Peter Moore – ancien cadre de Sega, de Xbox et d’Electronic Arts, aujourd’hui copropriétaire du Wisla Kraków, preuve qu’il n’a pas vraiment quitté le football après ses années Liverpool – a commenté la nomination d’Asha Sharma à la tête de Microsoft Gaming. Selon lui, les craintes qui circulent se comprennent: beaucoup s’imaginent qu’elle va pousser l’intelligence artificielle à marche forcée, même si elle affirme le contraire.
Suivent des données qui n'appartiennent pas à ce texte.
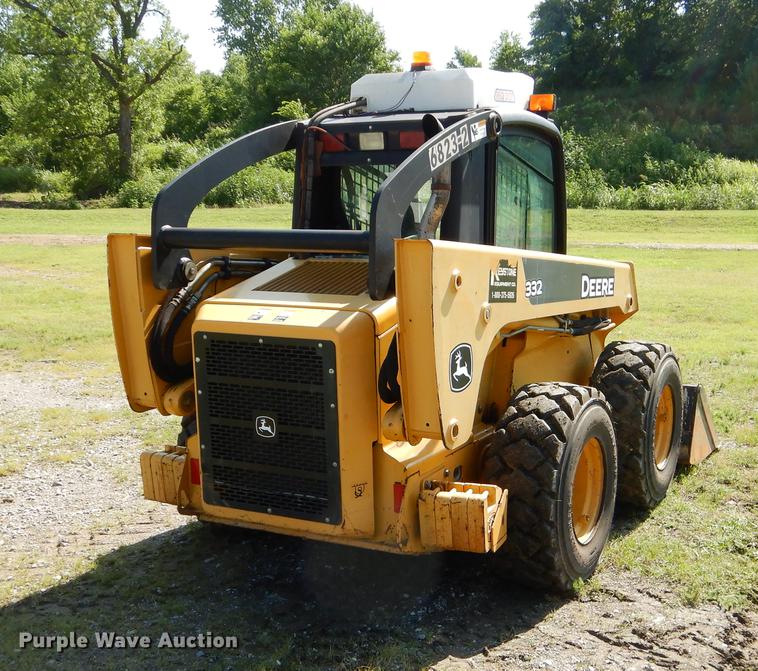 image for item EK9552 2005 John Deere 332 skid steer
Moore reconnaît que la majorité des joueurs les plus engagés rejettent actuellement l’IA, parce qu’ils y voient une manière fausse, paresseuse, quasi industrielle de fabriquer des jeux. Il ajoute que Sharma est dans une position particulière pour expliquer comment l’IA pourrait devenir un changement positif, à condition qu’elle serve l’intérêt des joueurs et non celui des tableaux financiers. Il affirme aussi que, de toute façon, les studios utiliseront l’intelligence artificielle sous une forme ou une autre.
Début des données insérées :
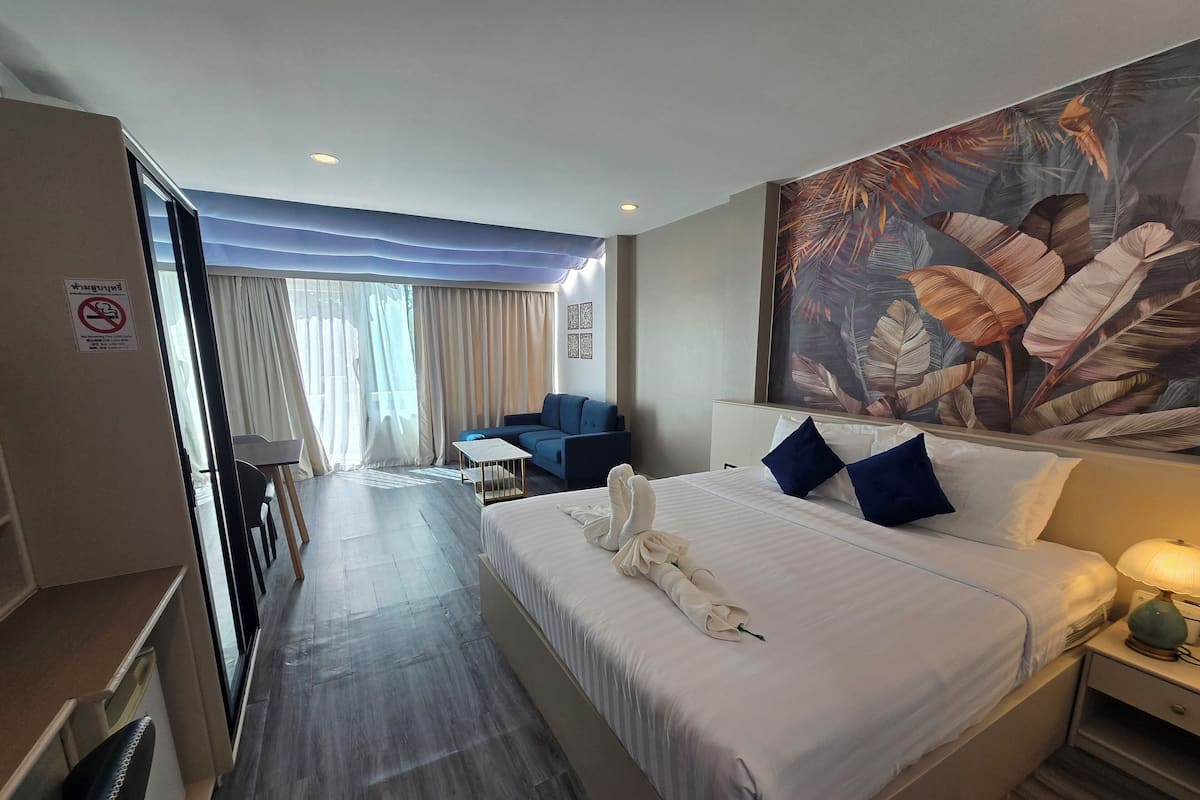 Junior Suite Pool Access | 1 bedroom, minibar, in-room safe, desk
« Aujourd’hui, l’IA est méprisée par les joueurs, qui la perçoivent comme une manière fausse, paresseuse et “à la chaîne” de faire des jeux. Il faut s’y attendre. Mais dans le développement de jeux, nous utilisons des formes d’intelligence artificielle depuis longtemps. Au fond, Microsoft doit répondre à la question: est-elle là parce qu’elle incarne l’IA? Ou est-elle là – et c’est ce que j’espère – parce qu’elle a fait ses preuves au sein de Microsoft, parce qu’elle a démontré qu’elle était une dirigeante solide, et qu’on lui confie un défi majeur, avec l’envie de faire autrement? Je pense que son mantra doit être le suivant: pour le jeu, c’est une bonne chose si l’IA sert le joueur et non les tableurs. Elle doit être capable d’expliquer ça. Tous les studios vont utiliser l’intelligence artificielle d’une manière ou d’une autre. Je ne crois pas que les joueurs comprennent vraiment ce que cela signifie, ni comment les choses se construisent. Mais elle a une occasion formidable de faire le pont entre les deux mondes, de favoriser la croissance et des expériences plus profondes. Les jeux seront, au fond, moins coûteux. Peut-être aurons-nous des jeux meilleurs, plus rapides, moins chers, parce que les coûts de développement des jeux AAA sont devenus immenses. Au fil des décennies, le développement est devenu un travail colossal, avec des centaines, voire des milliers de personnes sur un même jeu. C’est la clé. Elle a cette perspective. Si j’étais à sa place, je m’appuierais dessus. Il faut simplement réussir à en faire quelque chose de positif aux yeux des joueurs. »
Ces deux dernières années, Sharma présidait la division CoreAI de Microsoft, pilotant un portefeuille qui couvre des modèles d’IA, des applications, des agents, des approches d’IA responsable et des outils pour développeurs. Sur le papier, ce parcours colle parfaitement à l’idée de Moore, mais faire accepter l’IA générative aux joueurs risque de rester un chantier compliqué.